** Dataset section follows **

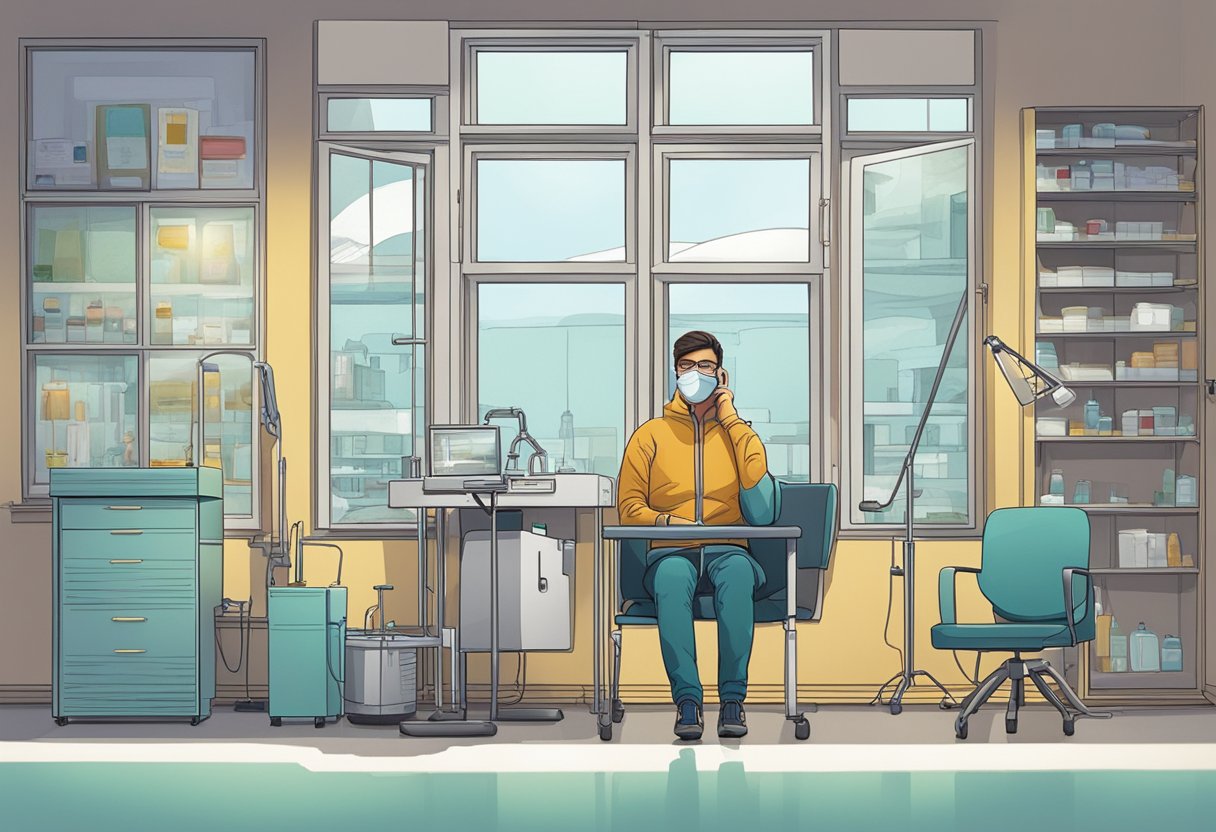 A person sits alone, surrounded by medical equipment, looking out a window with a pensive expression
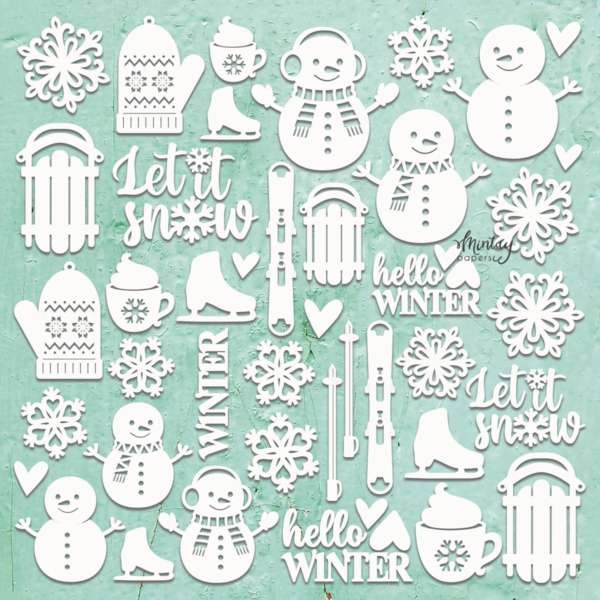 Mintay Chipboard - Decor-  Winter Time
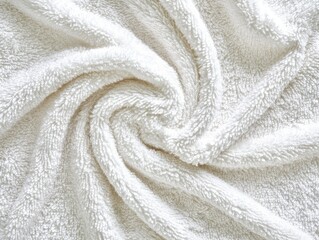 Soft, white towel texture. Swirled fabric background.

** End of Dataset section **

Instructions to follow: Print the preceding material over again exactly. Please leave the pictures out.

Exercise response:
 A person sits alone, surrounded by medical equipment, looking out a window with a pensive expression
 Mintay Chipboard - Decor-  Winter Time
 Soft, white towel texture. Swirled fabric background.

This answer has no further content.